In a high-stakes poker game, knowing when your opponent is bluffing and being able to read a subtle smile or frown can make the difference between walking away with the pot or going home empty-handed.
But for AI, decoding these nuanced facial cues, whether for identity verification, bias detection, or facial recognition, remains a major challenge.
To tackle this, researchers at Johns Hopkins University developed FaceXBench, a comprehensive system designed to assess and improve how multimodal large language models (MLLMs) interpret and analyze faces. The findings,”FaceXBench: Evaluating Multimodal LLMs on Face Understanding,” are posted in arXiv.

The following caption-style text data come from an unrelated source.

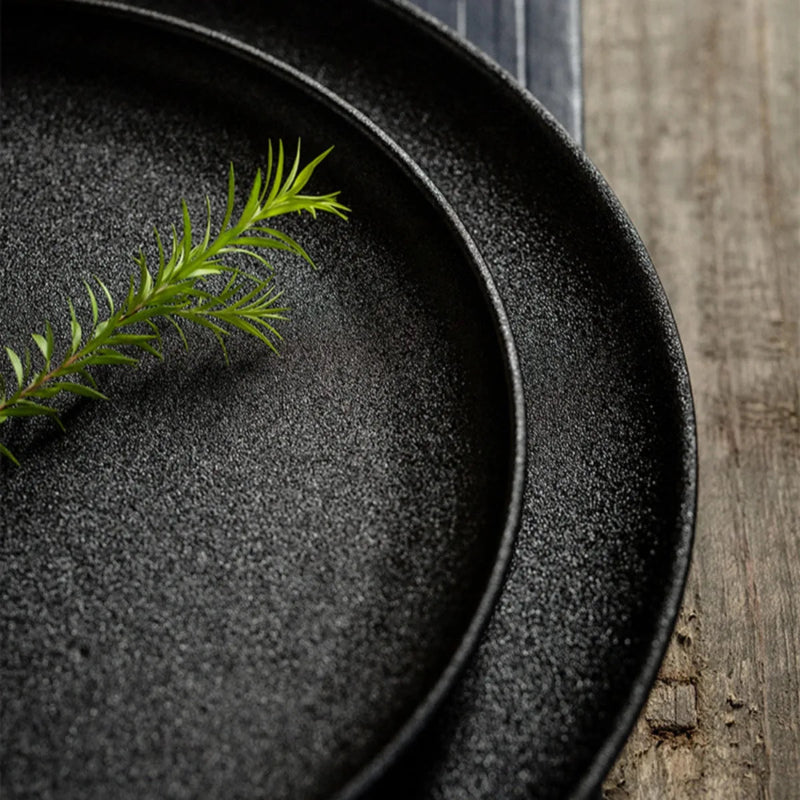 A close-up of two speckled black plates on a rustic wooden table, with a green sprig on the top plate.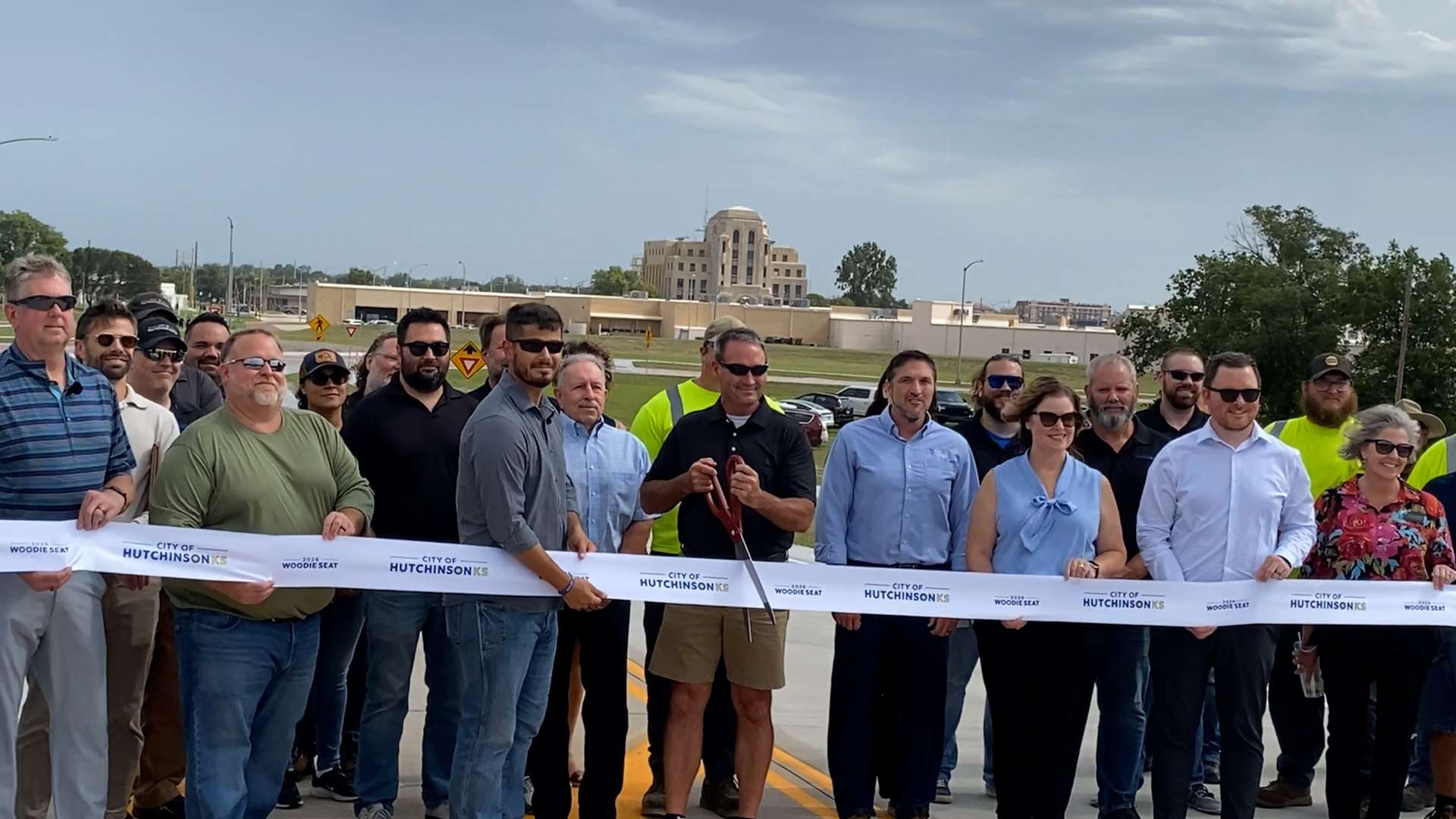 Mayor Scott Meggers cuts the ribbon during today's ceremony reopening the Woodie Seat Freeway. (Hutch Post photo)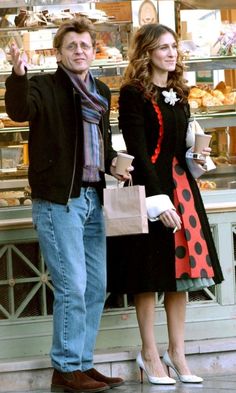 a man and woman standing next to each other in front of a bakery display case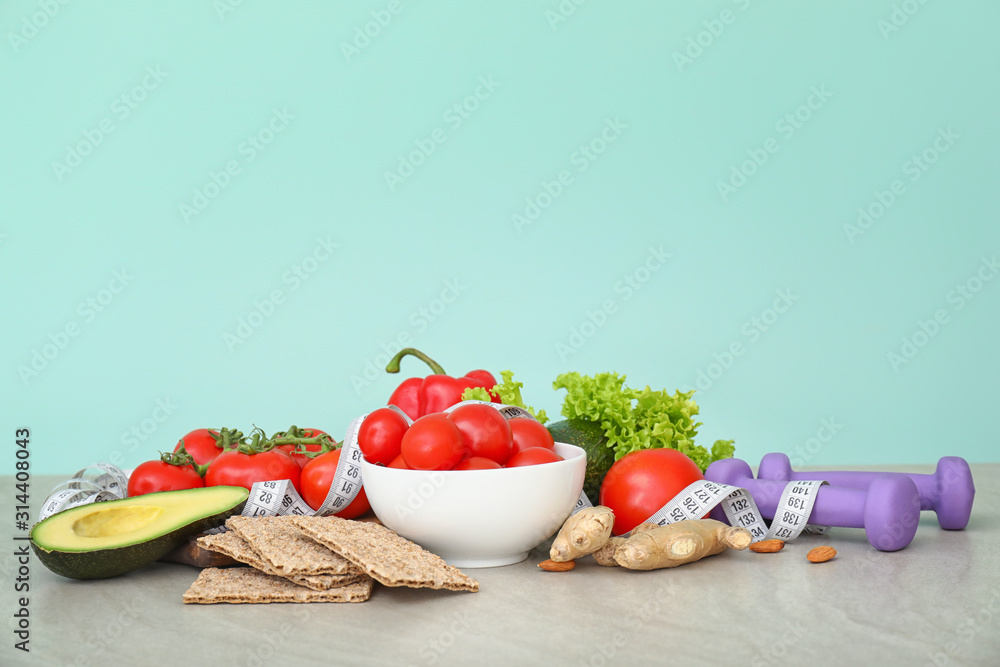 Different healthy food with measuring tape and dumbbells on table. Diet concept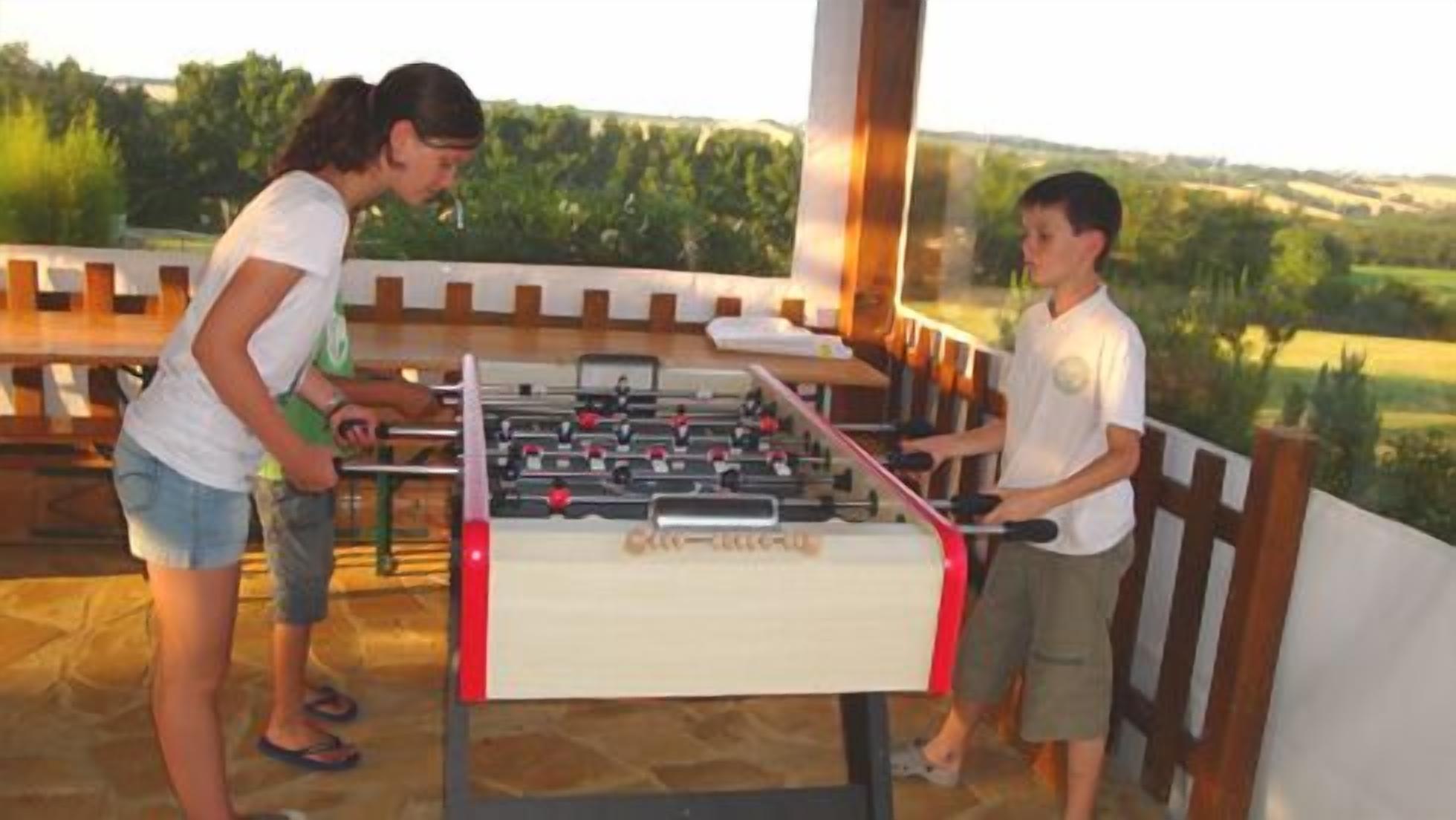 Een tafelvoetbaltafel met twee spelers, een volwassene en een kind, buiten met uitzicht op groen en heuvels.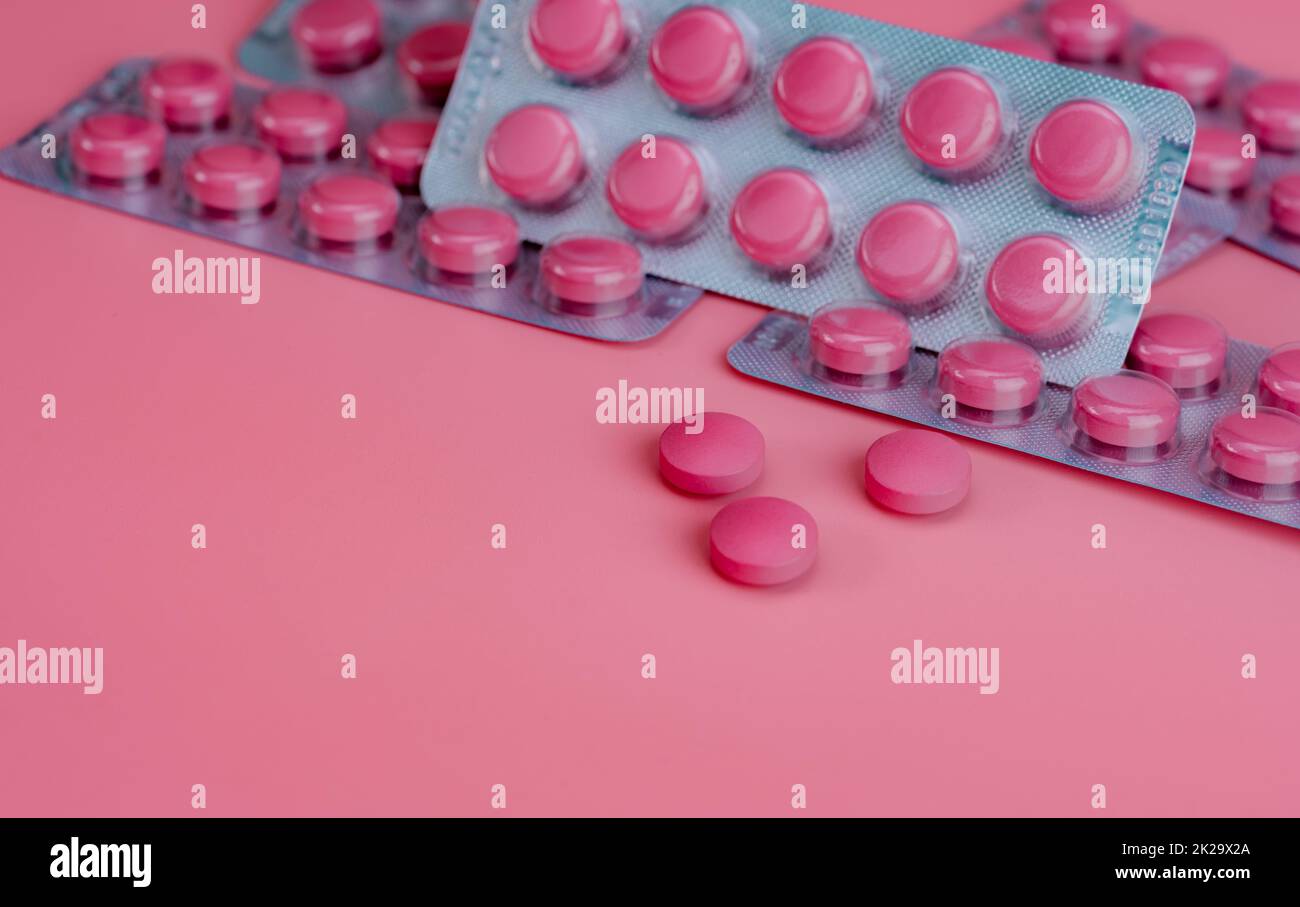 Rosafarbene Tablettentabletten und Blisterpackung mit Tabletten auf pinkfarbenem Hintergrund. Verschreibungspflichtige Medikamente. Konzept für Vitamine, Mineralstoffe und Nahrungsergänzungsmittel. Pharmazeutische Industrie. Gesundheitswesen und Medizin. Pharmazeutisches Produkt. Stockfoto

“FaceXBench evaluates MLLMs across 14 tasks in six key areas,” said co-author Vishal Patel, an associate professor in the Whiting School of Engineering’s Department of Electrical and Computer Engineering. “It tests bias and fairness by examining whether models perform equally well across different ages, genders, and racial backgrounds, or if they make more mistakes for certain groups. It also assesses face recognition, including identifying faces in high- and low-resolution images, even recognizing celebrities.”
Additionally, FaceXBench evaluates face authentication by measuring how well models detect deepfakes and prevent spoofing—attempts to trick an AI system into using fake videos, images, or masks to impersonate someone else. The system further tests facial expression recognition, crowd counting, and head position estimation, which makes facial recognition systems more accurate in real-world situations where people are not always facing the camera. Finally, it checks whether models can find and use tools or techniques related to face analysis, like algorithms for tracking faces across different video frames or images.
The team’s initial findings highlighted gaps in some MLLMs’ ability to interpret and analyze faces effectively, testing 26 open-source models and two proprietary ones, GPT-40 and GeminiPro 1.5.
“Even the most advanced AI models had trouble spotting deepfakes or counting people in crowds because these tasks require detecting complex patterns. Methods designed to improve performance, like giving extra instructions or guiding the model’s reasoning, didn’t help either,” said co-author Kartik Narayan, a PhD student in computer science. “Bias was also an issue, as the models sometimes gave different results based on age, gender, or race.”
To address these challenges, the team proposes expanding the training data used for MLLMs to improve accuracy, using face-processing APIs, which are sets of tools that allow software systems to communicate for better performance, and developing techniques to reduce bias. This would ensure fairer outcomes in predictions, which involve AI making decisions like identifying individuals, recognizing expressions, or detecting biases.
“By identifying these weaknesses and offering a more structured path for improvement, FaceXBench lays the foundation for advanced, ethically responsible, and accurate face-understanding capabilities in MLLMs,” said co-author Vibashan VS, a PhD student in electrical and computer engineering. “As future researchers refine these models, they move closer to AI systems that can analyze and interpret human faces with the nuance and reliability required for real-world applications.”